Following the attestation ceremony at the Garda College in Templemore on 20 March 2020, there are now 14,700 Gardaí nationwide, supported by over 3,000 Garda staff. The increasing number of Garda staff are freeing up sworn members from administrative duties and allowing them to return to frontline policing. The Garda Commissioner keeps the allocation of these resources under continual review in the context of crime trends and policing priorities, to ensure their optimum use.
Publication of crime statistics ‘under reservation’
In early 2018, the CSO announced its decision to resume publication of recorded crime statistics in the first six months of 2018. However, as PULSE data – on which the CSO is wholly dependent - is subject to a number of separate ongoing quality reviews and concerns that extended beyond just homicide data, the CSO made the decision that recorded crime statistics will be published in a new category entitled: “Under Reservation”.

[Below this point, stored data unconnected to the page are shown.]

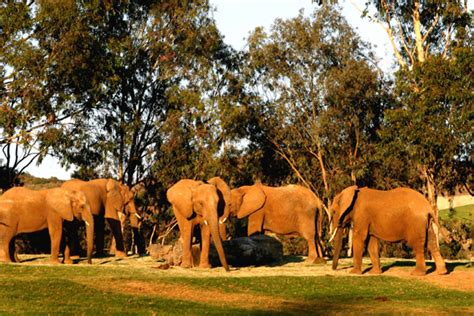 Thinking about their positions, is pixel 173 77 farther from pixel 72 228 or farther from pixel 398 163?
pixel 72 228

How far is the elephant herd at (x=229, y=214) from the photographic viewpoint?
102ft

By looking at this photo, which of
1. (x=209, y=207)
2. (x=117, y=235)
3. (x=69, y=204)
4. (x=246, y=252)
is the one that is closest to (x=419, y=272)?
(x=246, y=252)

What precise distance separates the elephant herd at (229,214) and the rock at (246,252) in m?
0.79

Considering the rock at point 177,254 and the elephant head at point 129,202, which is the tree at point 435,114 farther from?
the rock at point 177,254

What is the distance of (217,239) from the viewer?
31.5m

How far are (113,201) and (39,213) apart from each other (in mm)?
6152

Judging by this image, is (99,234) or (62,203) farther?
(99,234)

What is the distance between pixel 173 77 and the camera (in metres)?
56.9

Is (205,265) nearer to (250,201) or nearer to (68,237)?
(250,201)

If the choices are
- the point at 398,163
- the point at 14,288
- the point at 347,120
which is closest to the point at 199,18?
the point at 347,120

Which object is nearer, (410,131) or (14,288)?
(14,288)

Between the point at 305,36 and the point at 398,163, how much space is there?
33.0 ft

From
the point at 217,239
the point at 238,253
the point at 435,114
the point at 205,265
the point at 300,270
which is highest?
the point at 435,114

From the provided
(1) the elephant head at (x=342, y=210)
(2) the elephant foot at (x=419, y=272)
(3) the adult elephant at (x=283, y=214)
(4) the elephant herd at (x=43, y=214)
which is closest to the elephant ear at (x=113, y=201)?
Answer: (4) the elephant herd at (x=43, y=214) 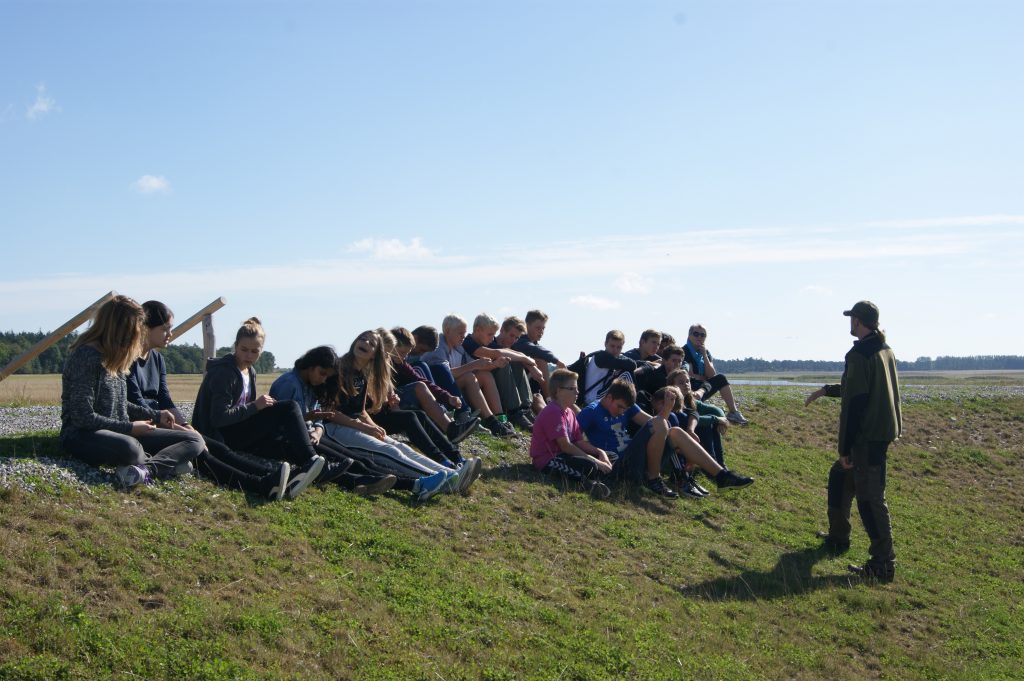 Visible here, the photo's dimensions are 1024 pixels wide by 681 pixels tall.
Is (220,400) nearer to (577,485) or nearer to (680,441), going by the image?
(577,485)

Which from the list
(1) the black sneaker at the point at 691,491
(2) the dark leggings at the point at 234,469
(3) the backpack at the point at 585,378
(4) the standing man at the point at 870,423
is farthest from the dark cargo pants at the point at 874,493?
(2) the dark leggings at the point at 234,469

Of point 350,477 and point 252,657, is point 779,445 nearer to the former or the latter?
point 350,477

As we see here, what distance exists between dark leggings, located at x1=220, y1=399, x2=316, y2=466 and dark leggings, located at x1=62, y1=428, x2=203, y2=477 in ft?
2.33

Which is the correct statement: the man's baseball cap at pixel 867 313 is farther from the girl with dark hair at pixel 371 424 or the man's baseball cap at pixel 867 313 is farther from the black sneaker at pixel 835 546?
the girl with dark hair at pixel 371 424

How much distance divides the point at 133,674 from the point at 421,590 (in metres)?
2.28

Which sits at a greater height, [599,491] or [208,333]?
[208,333]

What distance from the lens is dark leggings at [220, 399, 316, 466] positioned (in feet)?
26.7

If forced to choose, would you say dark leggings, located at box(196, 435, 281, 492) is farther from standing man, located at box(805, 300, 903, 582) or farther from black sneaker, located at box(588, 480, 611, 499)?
standing man, located at box(805, 300, 903, 582)

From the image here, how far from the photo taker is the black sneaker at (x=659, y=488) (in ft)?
36.3

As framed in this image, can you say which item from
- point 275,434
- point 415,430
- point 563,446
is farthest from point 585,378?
point 275,434

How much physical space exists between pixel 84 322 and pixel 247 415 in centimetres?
639

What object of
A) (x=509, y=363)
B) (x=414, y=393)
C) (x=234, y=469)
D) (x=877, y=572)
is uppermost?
(x=509, y=363)

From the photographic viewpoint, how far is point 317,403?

According to the CSO, the classification of “Under Reservation” is in keeping with other jurisdictions and other statistical domains. This indicates that, while the statistics have been determined to be of sufficient quality to allow publication, ongoing issues mean that the quality does not yet meet the higher standard required of official statistics by the CSO.
The CSO is engaging with An Garda Síochána to set out the criteria for the lifting of the reservation. These criteria are not confined to homicide data but will address quality concerns across a broader range of issues. They will address issues such as data governance, training, crime data recording procedures and the auditing and monitoring of data quality.